Zoe Williams 

So Katy Perry went to space. Wasn’t there anyone else we could have sent?

No disrespect to the pop star or the rest of Blue Origin’s all-female crew, but most of them weren’t obvious astronaut material, writes Zoe Williams
  
  

Katy Perry joined Blue Origin’s spaceflight.
Katy Perry joined Blue Origin’s spaceflight. Photograph: Blue Origin

I am broadly of the view that Katy Perry should do whatever she likes, and wear whatever she likes, and if she wants to be shot into space for no obvious purpose looking like one of Charlie’s Angels, then that falls squarely into those categories. So why am I so bothered by Blue Origin’s New Shepard rocket, which has just made a suborbital flight to the edge of space and back? OK, it’s partly the outfits (see Angels, Charlie’s, above), but it’s mainly the flight manifest: Perry joined Lauren Sánchez, Jeff Bezos’s fiancee; Amanda Nguyen, a civil rights activist; CBS Mornings co-host Gayle King; film producer Kerianne Flynn and former Nasa rocket scientist Aisha Bowe. I cannot help but notice that only two of these women had anything to do with astronauting (Nguyen studied astrophysics and interned at Nasa before becoming an activist).

Obviously it’s very staid and 20th century to think that only experts should be allowed in space – yet their absence did suggest the primary purpose of the trip to be tourism rather than research. Which in turn suggests that this was a dumb waste of money. Which itself makes you wonder just how many of the world’s problems would have to have been solved before space tourism would look like a worthwhile enterprise – hard to put a number on it, but significantly more than have been solved today.

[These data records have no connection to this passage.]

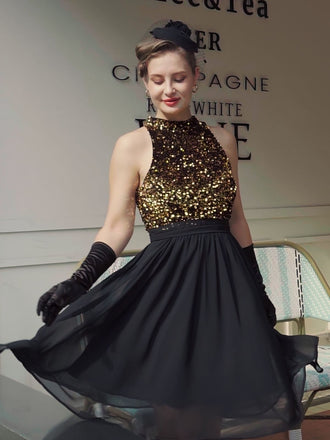 Robe patchwork noire à paillettes dorées des années 1950 Cocktail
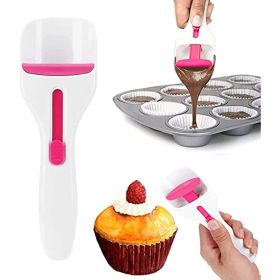 Cupcake Scoop - BPA-Free Batter Dispenser With Measuring Function For Equal Amounts For Drip-Free Baking And Clean Counters Kitchen Gadgets (Color: White)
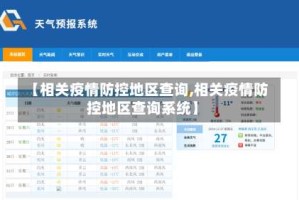 【相关疫情防控地区查询,相关疫情防控地区查询系统】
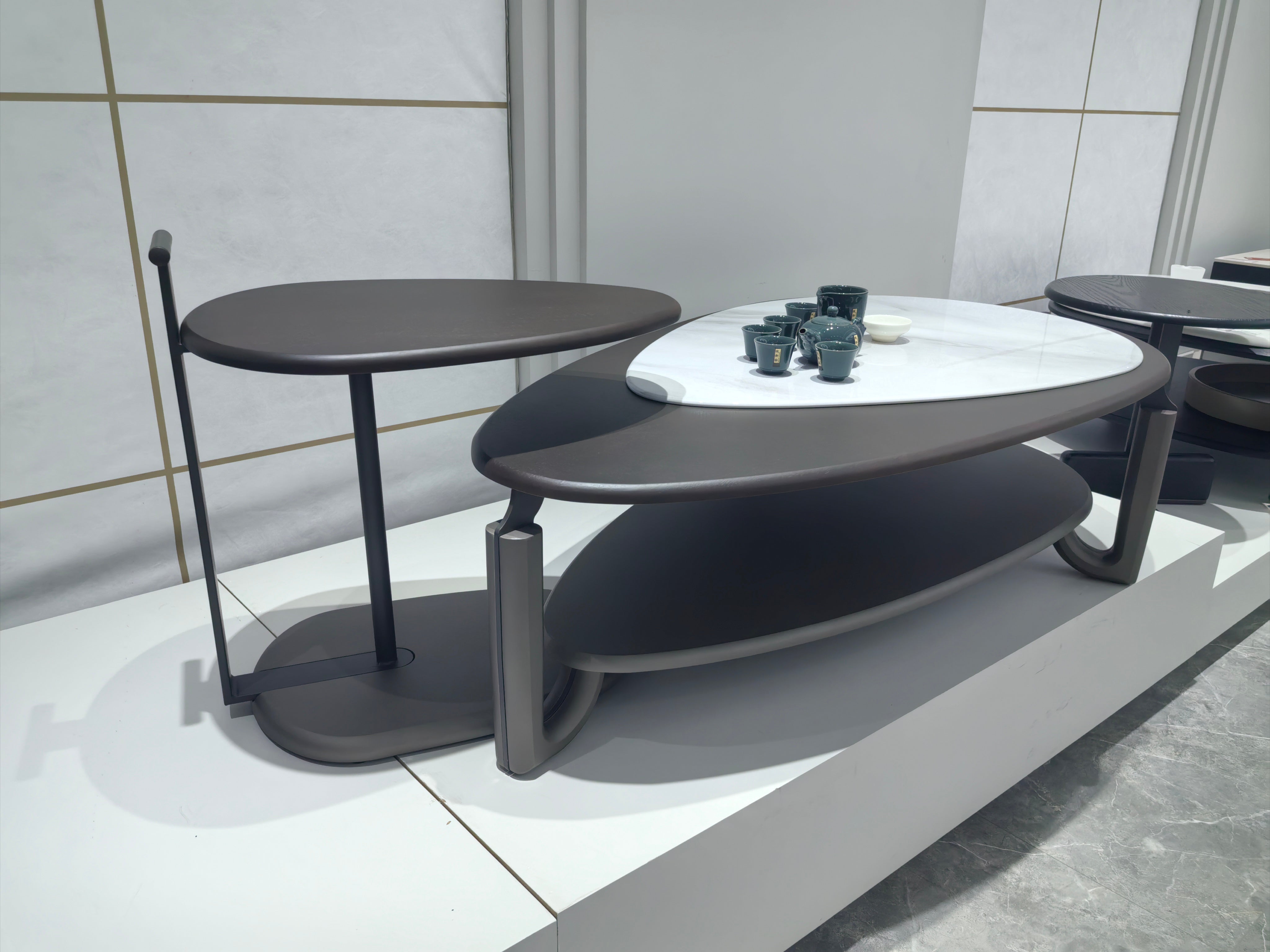 Coffee Table Artificial Stone Wood Veneer LKL031CTZZ | LEUKHOME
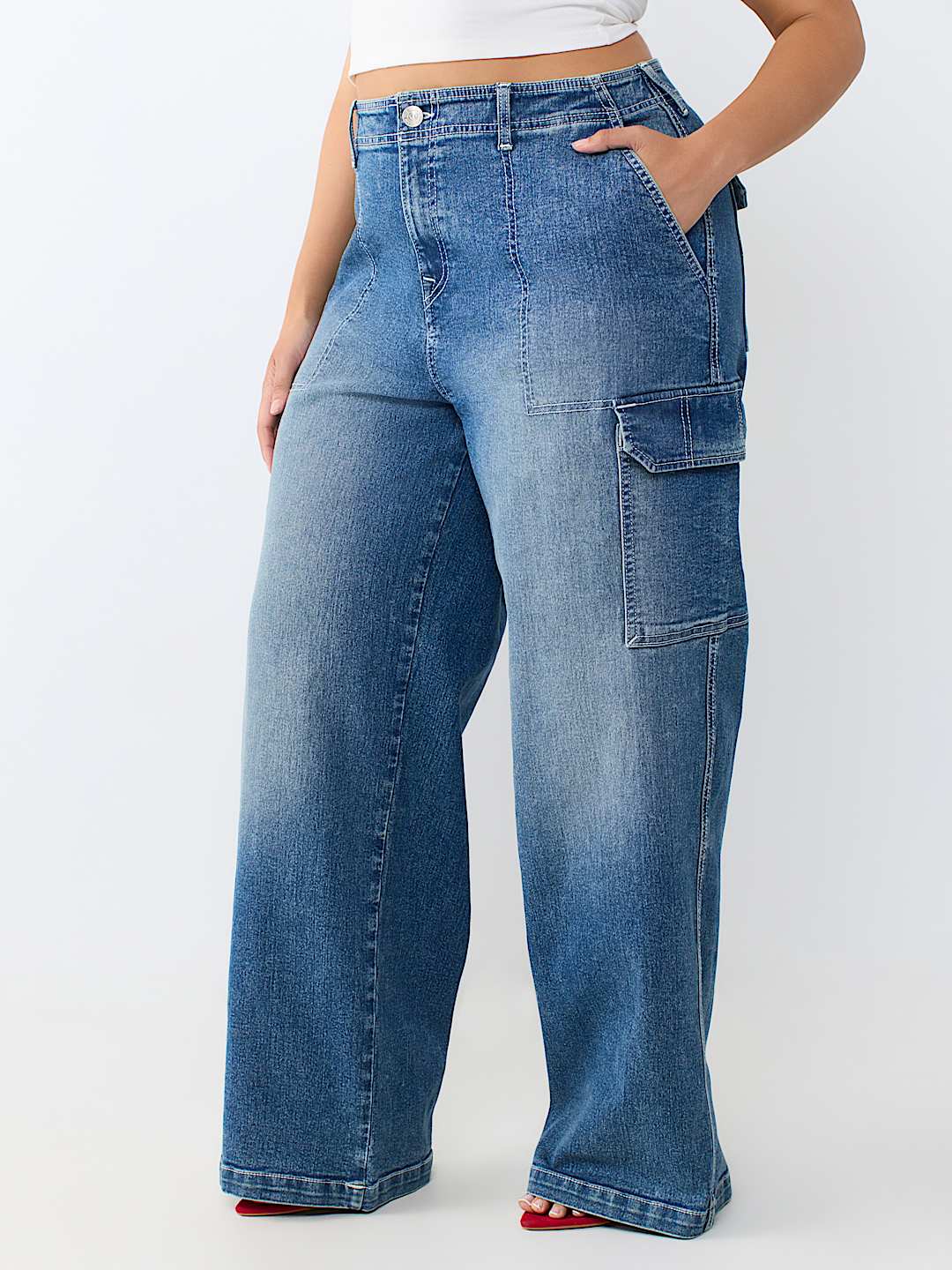 PLUS DENIM CARGO STRAIGHT JEAN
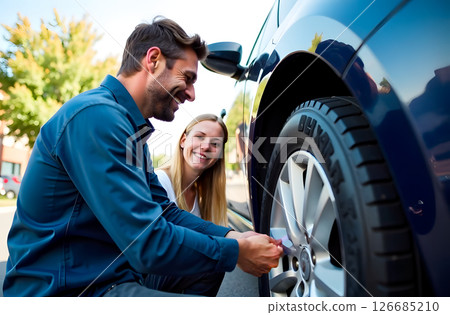 A man helps an unfamiliar woman repair her car on the side of the road 126685210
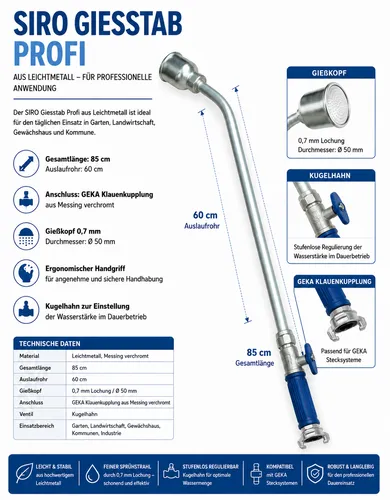 Sirocco Giesstab Profi aus Leichtmetall mit Schnellkupplung 60cm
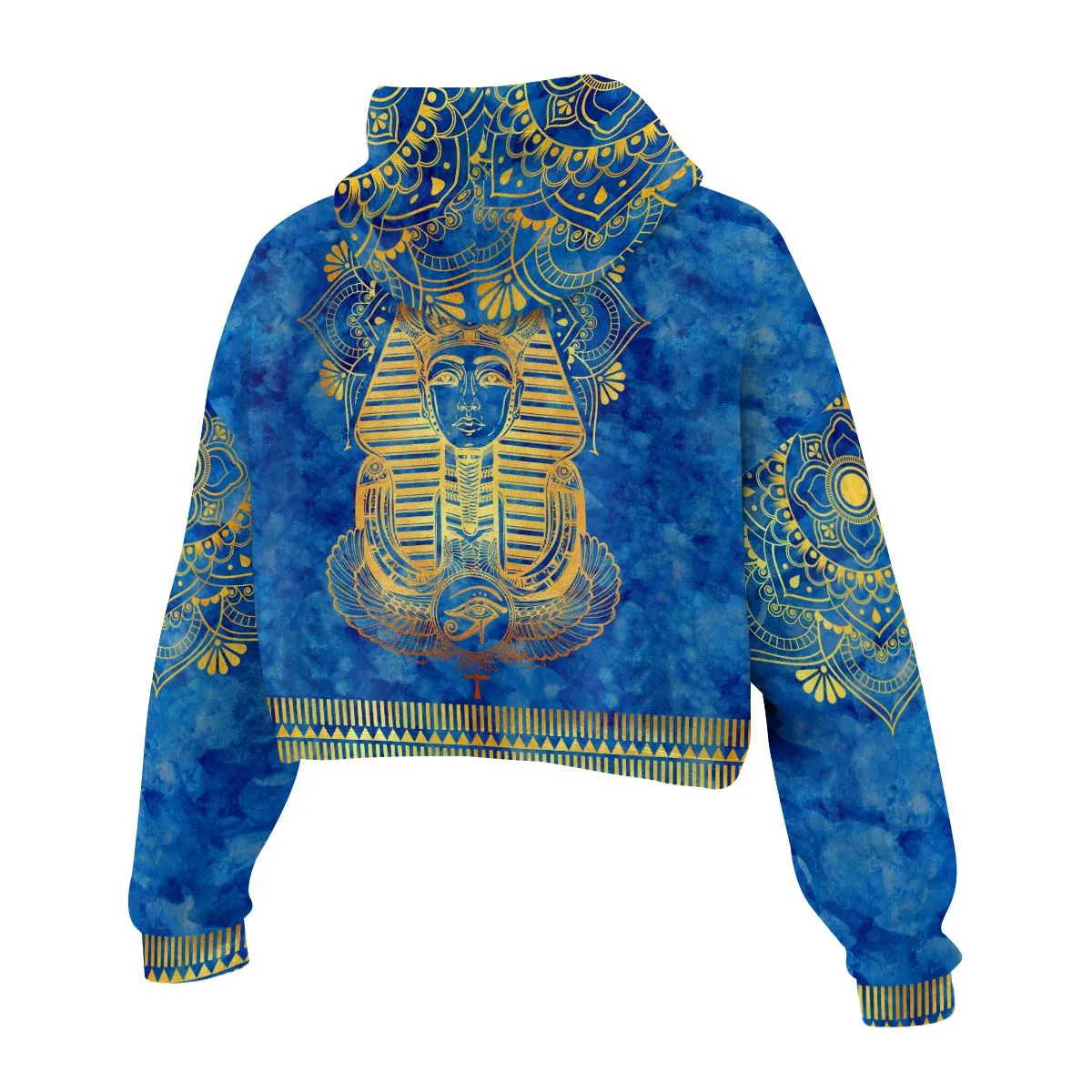 Egyptian Pharaoh Pattern In Blue Cropped Hoodie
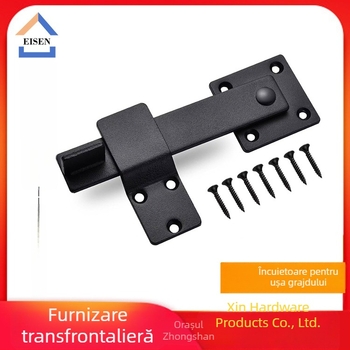 Zăvor pentru uși cu bolt solid rotativ la 360° pentru uși de hambar și uși glisante — model Eisen-y03, brand EISEN; material: oțel de carbon; suprafață tratată electrostatic; utilizare: mâner de ușă din lemn.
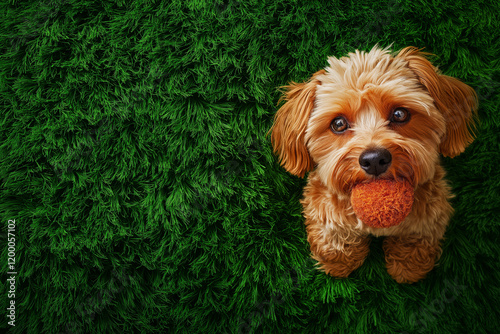 A playful Maltipoo holding a small toy in its mouth while sitting on a lush green lawn.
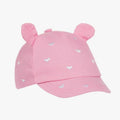 9609 Mayoral Girls Denim Baseball Cap, Embroidered Hearts, Pink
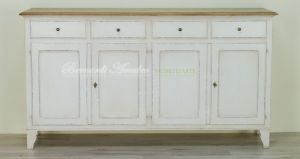 Kitchen or living room cupboard in solid wood with very antique white finish and solid oak top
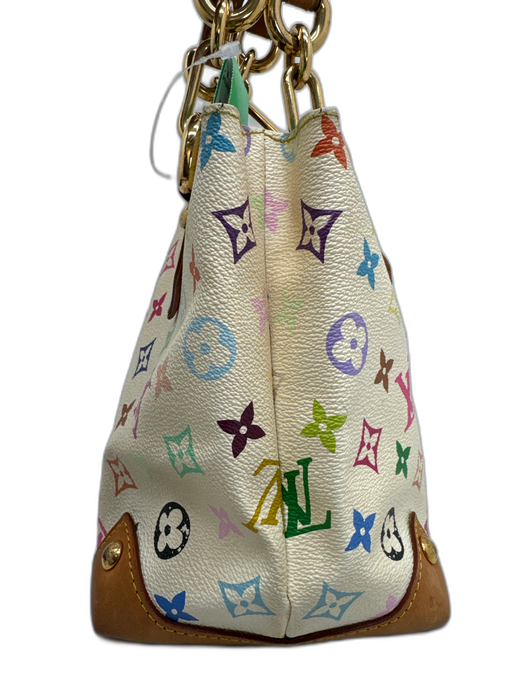 Louis Vuitton Dark Brown Leather Monogram Silver Tone Hardware Zip Top Bag Dark Brown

Besides Bowe, the others were selected mainly for their contributions to culture – and again, yay Katy Perry – but also, presumably, because they’re all female. It’s framed as a feminist statement, and I guess we’re supposed to rejoice that space is no longer pale, male and stale. But something about the randomness of the guest list, coupled with the fact that they all have such nice hair, just … I don’t know … gives an impression of the gender that’s a bit incomplete. It may be one small step for some women; it does not feel like a giant leap for womankind.